Das moderne Abfallrecht verfolgt das Ziel, den Stoffeinsatz bei der Produktherstellung durch ressourcensparendes Produktdesign möglichst zu minimieren und Stoffe durch lange Benutzungsdauer und mehrfache Verwendung über große Zeiträume im Umlauf zu halten. Die Entstehung von Abfall soll vermieden werden.

Bei Reifen lässt sich dies im Wesentlichen auf drei Arten erreichen. So kann zunächst die Kilometerlaufleistung erhöht werden, so dass ein Reifenwechsel und damit ein Altreifenanfall verzögert werden.

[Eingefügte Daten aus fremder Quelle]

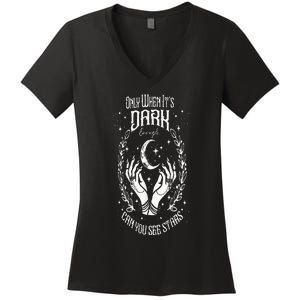 Only When It’S Dark Enough Can You See Stars Harris 2024 Women's V-Neck T-Shirt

Weiterhin können Reifen durch die Anwendung der Verfahren des Nachschneidens und der Runderneuerung „weitere Leben“ gegeben werden, so dass die aus dem Verkehr auszusondernde Zahl von Reifen erheblich verringert werden kann.

Das Buch zeigt auf, wie Reifenhersteller zur Anwendung dieser Verfahren und damit zur Wahrnehmung ihrer abfallrechtlichen Produktverantwortung gebracht werden können. Besonderes Gewicht wird dabei auf die Berücksichtigung von Vorsorgeprinzip und Lebenszykluskonzept gelegt.